Forced to the Extremes

Forced to the Extremes

If I were to respond to only one item in The God Delusion, it would be this one. Put simply, I am a moderate by conviction, and Dawkins is most definitely not.

To illustrate, let me quote:

. . . Desits differ from theists in that their God does not answer prayers, is not interested in sins of confessions, does not read our thoughts and does not intervene with capricious miracles. Deists differ from pantheists in that the deist God is some kind of cosmic intelligence, rather than the pantheist’s metaphoric or poetic synonym for the laws of the universe. Pantheism is sexed-up atheism. Deism is watered-down theism. [emphasis in original]

Now to some readers this may seem like a gentlemanly opening for dialogue, but based on the remainder of the book, I would have to argue otherwise. Dawkins sees two possibilities–religion of all related varieties on the one side, and atheism on the other. He downplays moderation of all types. There was the time in reading this book that I thought I would respond only to that point, because for me this is the critical issue. Do we look at all the various options across the spectrum, or do we try to reduce them to a binary choice between two extremes? If we reduce them to the two extremes, I wind up with the religious fundamentalists. I’m not going to say that’s unfair. Fairness is not the most important issue. But it is inaccurate.

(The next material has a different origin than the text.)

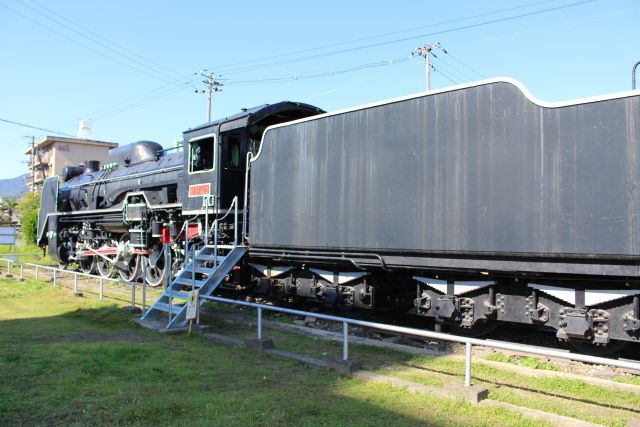 D51形機関車 (D51 422)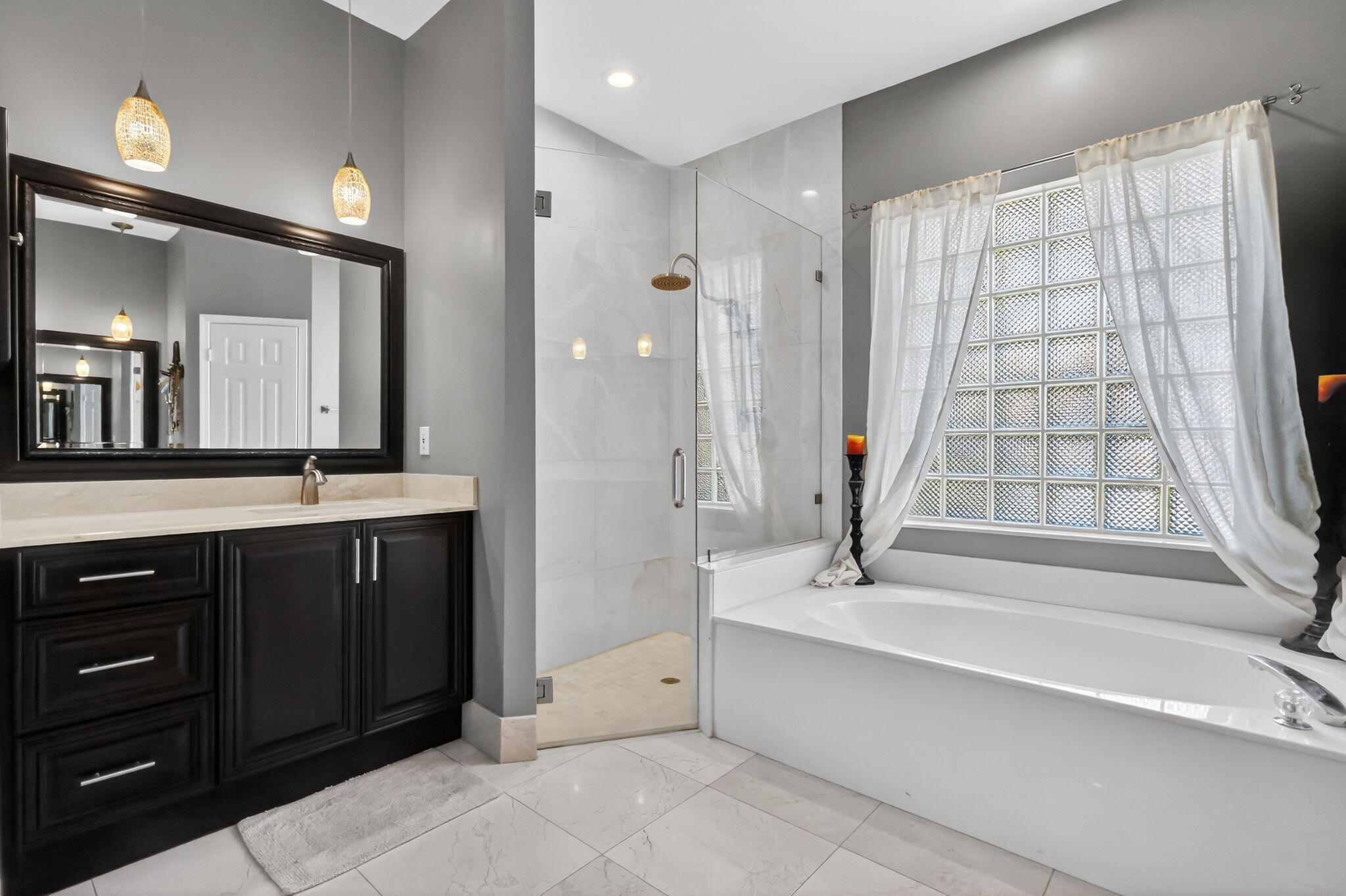 CYPRESS LAKE - Residential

No matter how much rhetoric is expended to try to pretend otherwise there is a difference between me and an old earth creationist, and in turn between the old earth creationist and a young earth creationist. There is even a difference, hard as it may be for a defender of the theory of evolution to see, between someone like Kent Hovind and Kurt Wise (pp. 284-286). The world doesn’t divide itself into only these two extremes.

Now while I consider this an extremely important point, it might be irrelevant to the theme of the book, except that Dawkins regularly attacks those who take a more nuanced position than his. An entire section is titled “The Poverty of Agnosticism” (pp. 46-54) and it is not at all kind to agnostics.

I would have to admit that this section annoyed me even more than most of the attacks on Christianity. I would regard Agnosticism as an extremely rational alternative. In fact, from a purely intellectual point of view, barring any leap of faith or other such maneuver, I would probably fall into that camp. But Dawkins is fully convinced that there is or will be a natural explanation for everything, and thus even suggesting that one doesn’t know simply strikes him as too weak.

This results, again, from that simple binary approach. If you make the assumption that there are two alternatives, either it can be demonstrated that God exists, or atheism is true, then if you can show that the demonstration of God’s existence has failed, atheism is the only remaining option. It’s no surprise that agnosticism draws Dawkins’s ire here! It’s the obvious alternative. If you fail to demonstrate that God exists, you don’t assume the alternative; you realize that you don’t know.

If one forms the question instead as “How do we understand the existence of the physical universe?” the answers are somewhat different. They would include God, a self-existent physical universe (so atheism), and no possibility of coming up with an understanding. Each of these alternatives would need to be examined on its own merits.

One more note on the issue of moderation:

As long as we accept the principle that religious faith must be respected simply because it is religious faith, it is hard to withhold respect from the faith of Osama bin Laden and the suicide bombers. The alternative, one so transparent that it should need no urging, is to abandon the principle of automatic respect for religious faith. This is one reason why I do everything in my power to warn people against faith itself, not just against so-called ‘extremist’ faith. The teachings of ‘moderate’ religion, though not extremist in themselves, are an open invitation to extremism. (p. 306)

One of the most common arguments I face from fundamentalists and also some conservatives is the “slippery slope” argument. If you give anything away, it’s only the first step to giving everything away. But this is a fallacious argument because it has built in the assumption that the correct position will result from choosing one of the extremes. Perhaps the position in the middle is the most correct, and in that case we would have a “slippery slope” on either side.

This quote is also further evidence that I did not miss the nature of the book in my comments on Plantinga’s review. Put simply, there is no religious position which Dawkins finds tolerable. All of the positions in the middle are simply dangerous compromises.